My mother tried to insist that she keep to the women's part of the house when my father had visitors, but Lale only laughed at her. She laughed a lot and that seemed to upset my mother as much as the way she behaved and dressed.

Lale treated me as though we were equals. In fact she sought my company. She always had to be doing something, going somewhere. She said she hated staying in the house, it made her feel closed in. So that summer we walked all over the city. When the days were hot and dusty we walked by the Bosphorus to watch the fishing boats. She let me go swimming and sometimes, even if there were people about, she swam herself. I never told my mother that.

We walked to the Old City and explored the mosques and museums and palaces and she told me tales of the Ottoman Sultans that she had learned from her husband. He had been a teacher and twenty years older than Lale. She said she hadn't loved him but had respected him for his intelligence and kindness.

I especially liked the story about Mehmet the Conqueror.

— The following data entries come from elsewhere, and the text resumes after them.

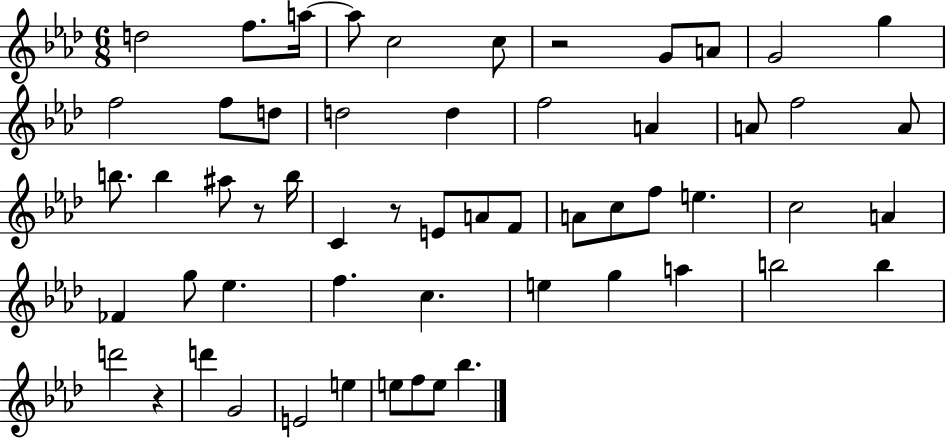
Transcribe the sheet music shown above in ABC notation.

X:1
T:Untitled
M:6/8
L:1/4
K:Ab
d2 f/2 a/4 a/2 c2 c/2 z2 G/2 A/2 G2 g f2 f/2 d/2 d2 d f2 A A/2 f2 A/2 b/2 b ^a/2 z/2 b/4 C z/2 E/2 A/2 F/2 A/2 c/2 f/2 e c2 A _F g/2 _e f c e g a b2 b d'2 z d' G2 E2 e e/2 f/2 e/2 _b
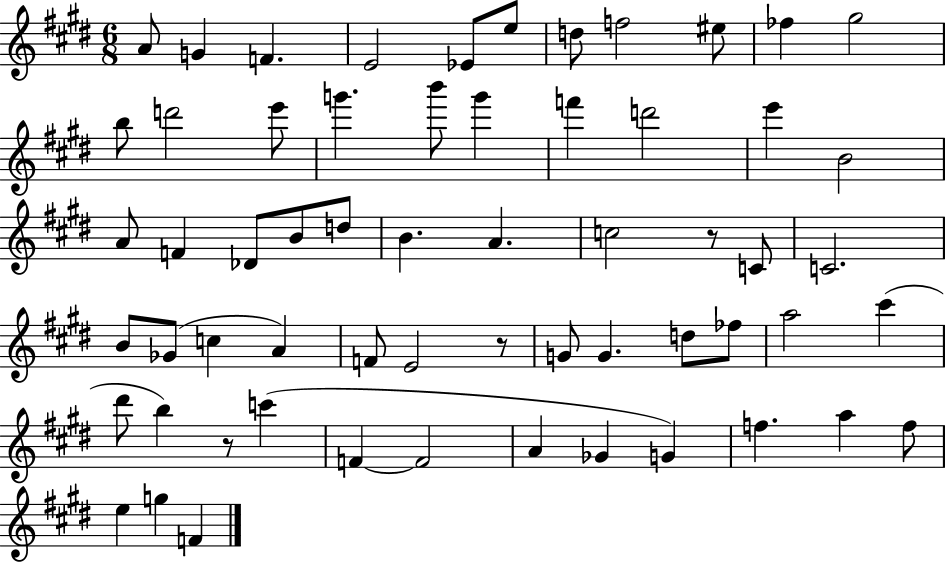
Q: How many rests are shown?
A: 3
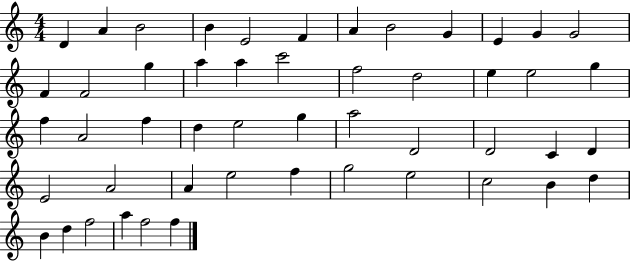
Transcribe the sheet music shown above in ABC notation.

X:1
T:Untitled
M:4/4
L:1/4
K:C
D A B2 B E2 F A B2 G E G G2 F F2 g a a c'2 f2 d2 e e2 g f A2 f d e2 g a2 D2 D2 C D E2 A2 A e2 f g2 e2 c2 B d B d f2 a f2 f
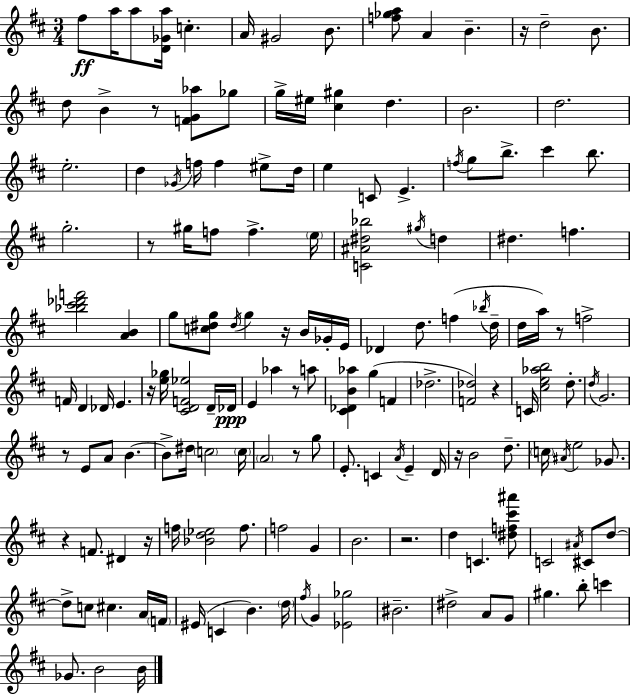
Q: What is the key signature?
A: D major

Lale told me he had been a small man but because of his military brilliance he had been able to capture Constantinople from the Christians and make it part of the Turkish Empire. When we went to look at the Byzantine mosaics in Santa Sophia, she said it was only because of Mehmet's tolerance of other religions that they had been preserved.

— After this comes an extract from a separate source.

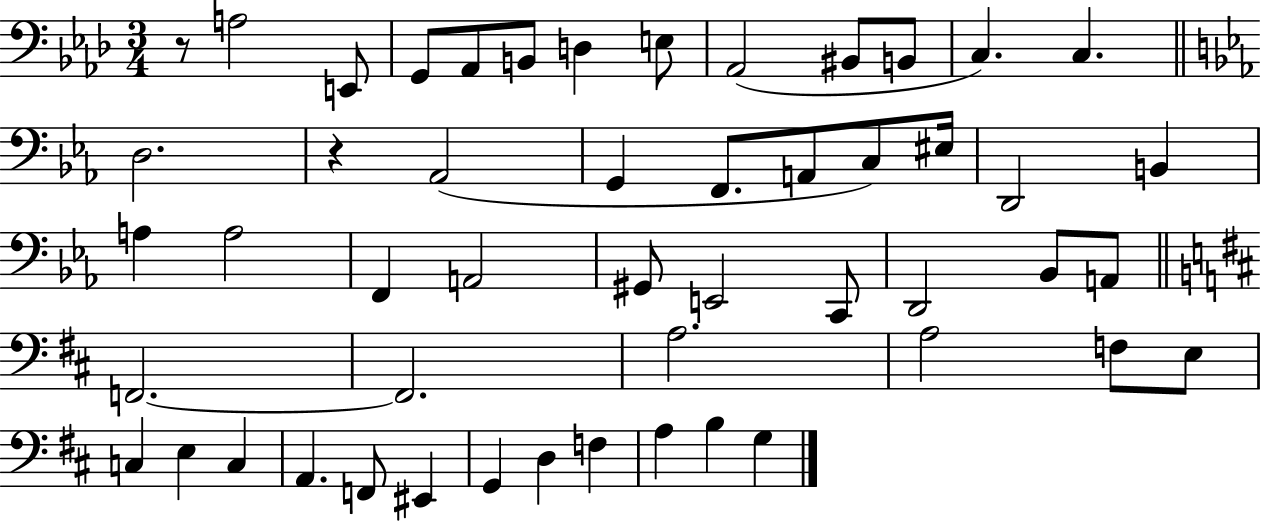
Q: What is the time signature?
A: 3/4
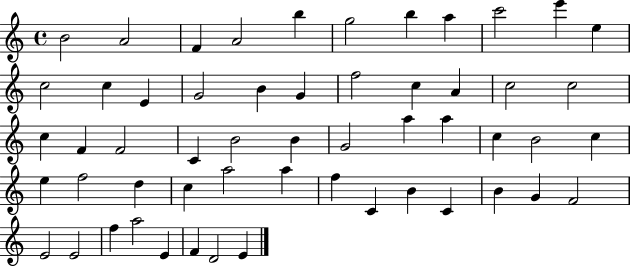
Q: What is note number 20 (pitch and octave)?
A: A4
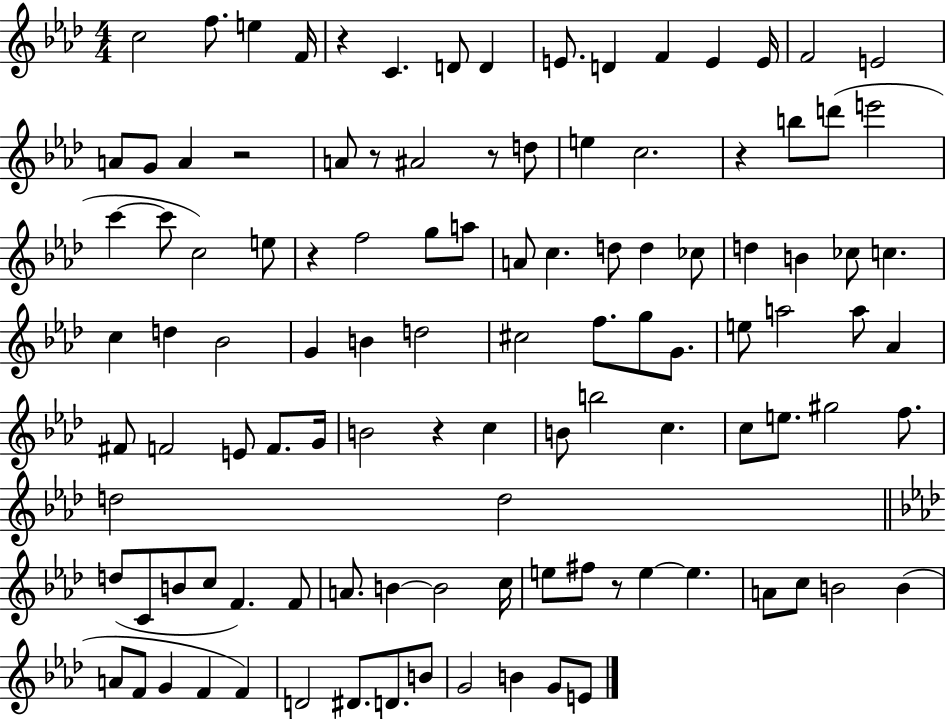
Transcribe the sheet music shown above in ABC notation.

Once, we went to the Covered Bazaar. There were so many people and the sunlight shone through the glass roof and onto the brass plates and jugs in the dusty little shops, making them sparkle like gold. Each shop smelt old and full of treasures. But the heat was intense and my feet must have been dragging at last because she said, 'Just around the corner, then — a surprise.'

One minute we were part of the surging crowd and the next we were in a tiny courtyard with a big shady tree growing in the centre. An oasis of peace and quiet. I couldn't believe it and stared at her. Her eyes shone with laughter.

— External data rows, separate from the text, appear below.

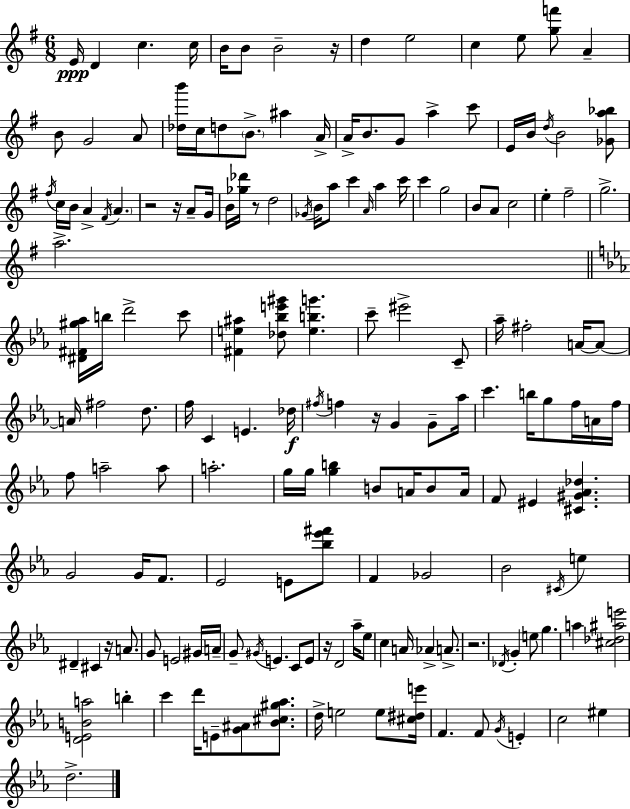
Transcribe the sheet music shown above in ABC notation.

X:1
T:Untitled
M:6/8
L:1/4
K:G
E/4 D c c/4 B/4 B/2 B2 z/4 d e2 c e/2 [gf']/2 A B/2 G2 A/2 [_db']/4 c/4 d/2 B/2 ^a A/4 A/4 B/2 G/2 a c'/2 E/4 B/4 d/4 B2 [_Ga_b]/2 ^f/4 c/4 B/4 A ^F/4 A z2 z/4 A/2 G/4 B/4 [_g_d']/4 z/2 d2 _G/4 B/4 a/2 c' A/4 a c'/4 c' g2 B/2 A/2 c2 e ^f2 g2 a2 [^D^F^g_a]/4 b/4 d'2 c'/2 [^Fe^a] [_d_be'^g']/2 [ebg'] c'/2 ^e'2 C/2 _a/4 ^f2 A/4 A/2 A/4 ^f2 d/2 f/4 C E _d/4 ^f/4 f z/4 G G/2 _a/4 c' b/4 g/2 f/4 A/4 f/4 f/2 a2 a/2 a2 g/4 g/4 [gb] B/2 A/4 B/2 A/4 F/2 ^E [^C^G_A_d] G2 G/4 F/2 _E2 E/2 [_b_e'^f']/2 F _G2 _B2 ^C/4 e ^D ^C z/4 A/2 G/2 E2 ^G/4 A/4 G/2 ^G/4 E C/2 E/2 z/4 D2 _a/4 _e/2 c A/4 _A A/2 z2 _D/4 G e/2 g a [^c_d^ae']2 [DEBa]2 b c' d'/4 E/2 [G^A]/2 [_B^c^g_a]/2 d/4 e2 e/2 [^c^de']/4 F F/2 G/4 E c2 ^e d2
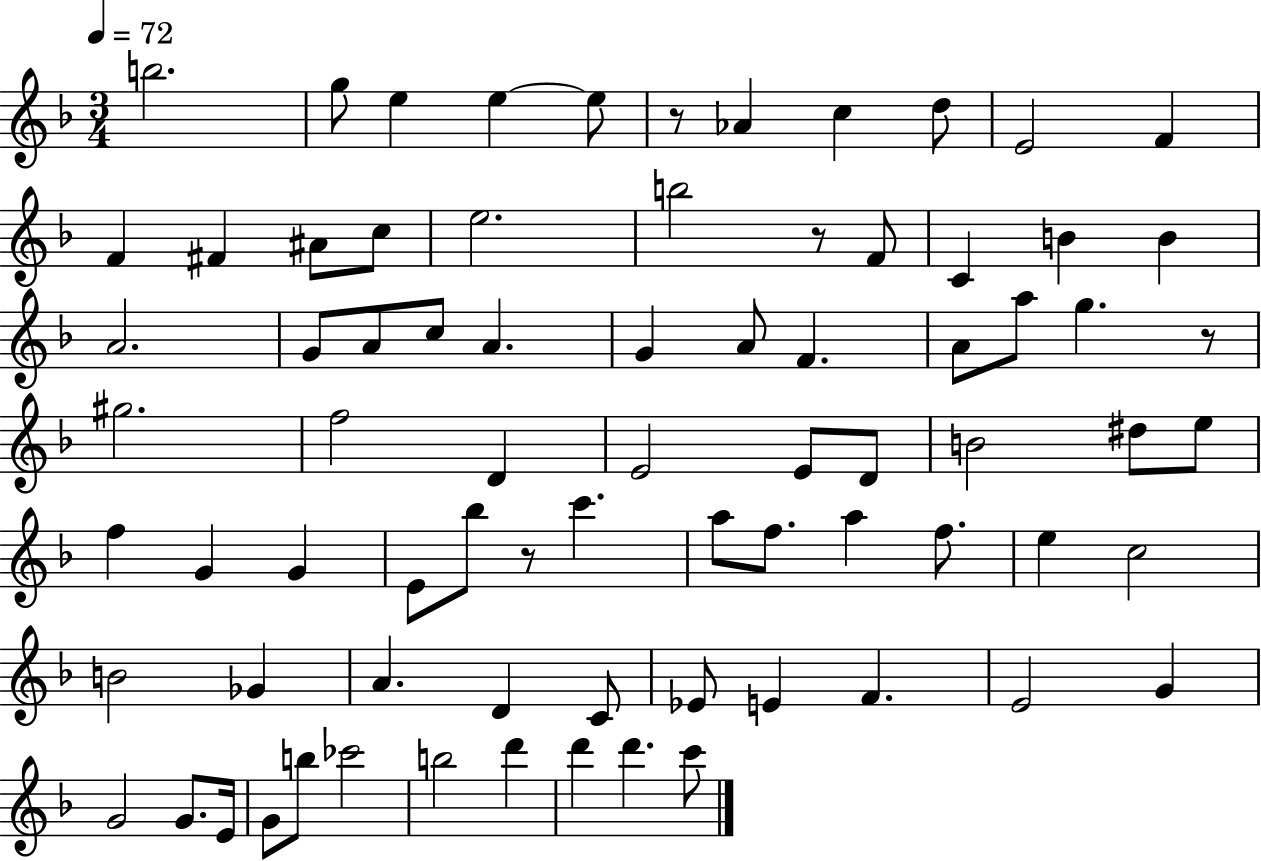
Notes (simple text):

B5/h. G5/e E5/q E5/q E5/e R/e Ab4/q C5/q D5/e E4/h F4/q F4/q F#4/q A#4/e C5/e E5/h. B5/h R/e F4/e C4/q B4/q B4/q A4/h. G4/e A4/e C5/e A4/q. G4/q A4/e F4/q. A4/e A5/e G5/q. R/e G#5/h. F5/h D4/q E4/h E4/e D4/e B4/h D#5/e E5/e F5/q G4/q G4/q E4/e Bb5/e R/e C6/q. A5/e F5/e. A5/q F5/e. E5/q C5/h B4/h Gb4/q A4/q. D4/q C4/e Eb4/e E4/q F4/q. E4/h G4/q G4/h G4/e. E4/s G4/e B5/e CES6/h B5/h D6/q D6/q D6/q. C6/e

When we walked past the fancy European shops of Istiklal Cad, and the restaurants, theatres and hotels of Taksim, she said, 'One day, Celik, you'll be rich enough to go in those places.'


People often ask me why I'm not married. A beautiful woman across the dinner table: 'Why aren't you married, Celik?'

I reply, 'Why? Do you find me attractive?' This makes everyone page 91laugh.

Or curious colleagues: 'How come you never got married, Celik?' (Meaning, you're not gay, are you?)

I reply, 'Are you kidding? How many systems analysts do you know who're not divorced or alcoholic? Or both!' And they laugh again and nod.

There are variations, according to the mood and scene.

'I'm married to my job.'

'At least a computer will do as it's told!'

'I like being free to travel to different countries.'

'What woman would trust me in my way of life?'

This last one is most useful with my mother on my trips back to Turkey.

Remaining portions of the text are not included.